Anyway this may not be exactly what you're talking about, but hope it helps in some way.
 
One thing I do sometimes in my daily life, how do i feel about that? Do i like that? If not why? If i do what do i find appealing about that? Do i find them attractive? Why, why not? Did i enjoy that activity? why, why not? etc. Actually beginning to build my perspective and self rather than being off in space like i often feel i am. It encourages me to be present.

I watch youtube's and other families with children and i notice the adults are so engaged with the especially the young children. Asking questions. Did you like that? Did that hurt? It's going to be ok. What do you want to eat? etc. Talking to them, engaging. I never had that. No one ever focused on me, acknowledged me, validated me or anything. I never knew there was a me. I mostly wanted to be invisible. But i now see there was. There was a me in there even when i was a neglected baby who was sad and angry and in distress. When i was witnessing so much violence there was a me who was horrified and overwhelmed and powerless. When i was sexually abused there was a me who was terrified and frozen. And that same self now values justice and fairness and kindness and gentleness. Is strong, a fighter and resilient.

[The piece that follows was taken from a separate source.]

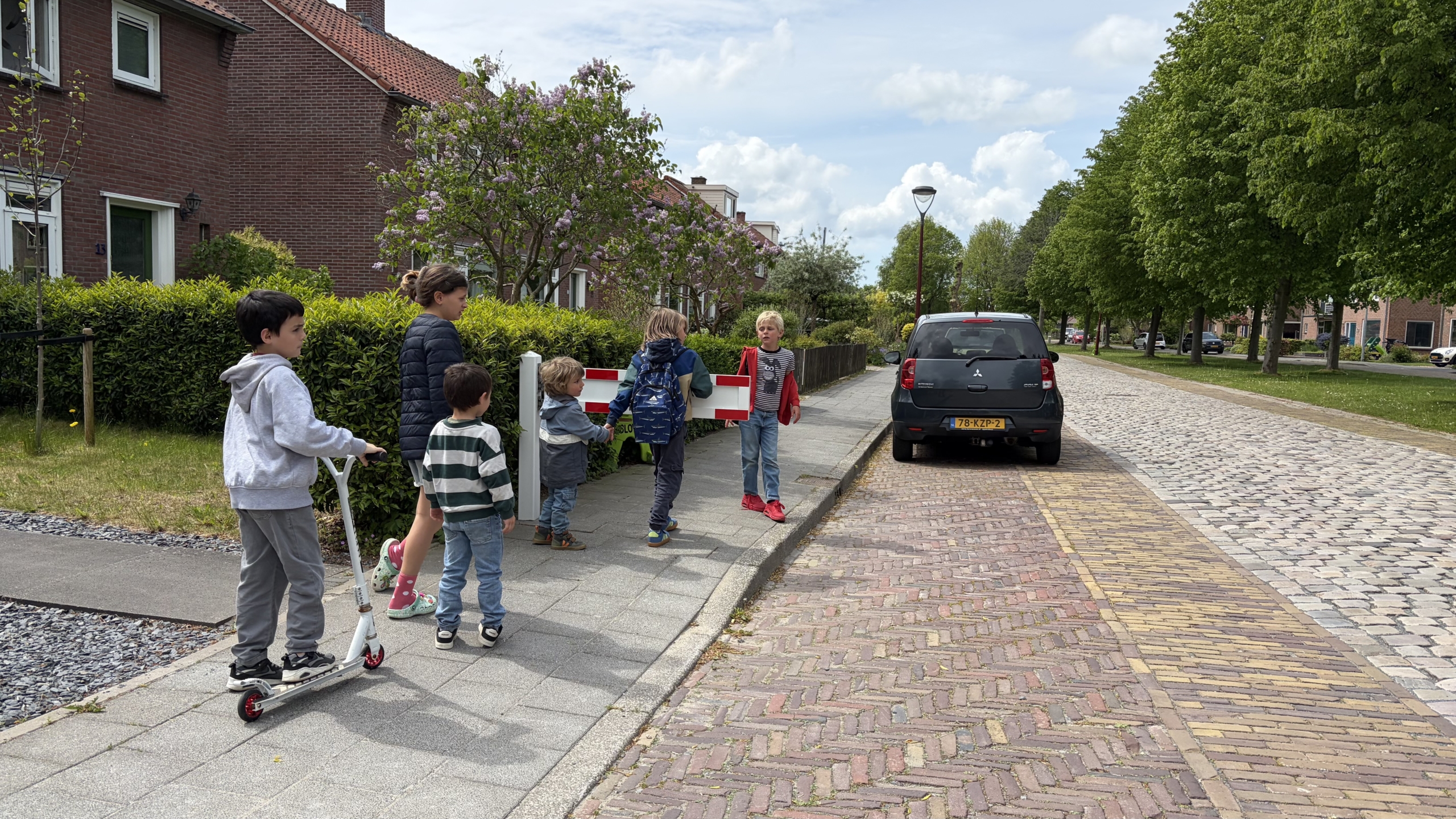 Kinderen en een vrouw staan op een stoep naast een auto en een hek, omringd door huizen en groene bomen.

My point is even when i was dissociated and no one was mirroring me and letting me get to know myself, I was still there experiencing and having feelings. Feelings so overwhelming i needed to step back from them via dissociation but i was there. There was a self. In those moments i probably wished there wasn't, but i guess that kinda that trauma processing work. I can look back at my trauma and sense how i was feeling then except now i can handle the feelings vs back then when i had to "go away" to protect myself.

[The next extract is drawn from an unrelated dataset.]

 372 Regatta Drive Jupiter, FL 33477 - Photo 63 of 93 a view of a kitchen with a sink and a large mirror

Bleh I'll stop talking now lol.
 
Thanks for the post Disco Dancing Queen
Reading your post and reply's. Has made me wonder more about CSA at a young age less than 5 not sure how much before then. It really seems to me that the CSA made my self and took most of my childhood learning askew. I did not realize that what was happening was abuse until I was 11 or 12. I was groomed to think I was special and was treated that way by my early perpetuators. I need more time to think on this one. Thanks again.
Peace Be Safe
 
@Esterio ,

Thinking about how the CSA affected us and our growth is painful and difficult but, must be done if we are to have a more complete and accurate view of ourselves. I personally recommend examining these beliefs in therapy with a trauma specialist, if possible.

CSA warps our sense of self at whatever age it occurs. Once thoroughly examined, we learn better of ourselves than the lies we were taught or the blanks that we filled in with our distorted thoughts / beliefs.

I wish you joy and happiness as you discover that the negative things you believe(d) about yourself are not true, although there will probably be anger and righteous rage first. It is a difficult process but I did it and I am so much better for it.

From one CSA survivor to another....I wish you all the very best as you change and grow.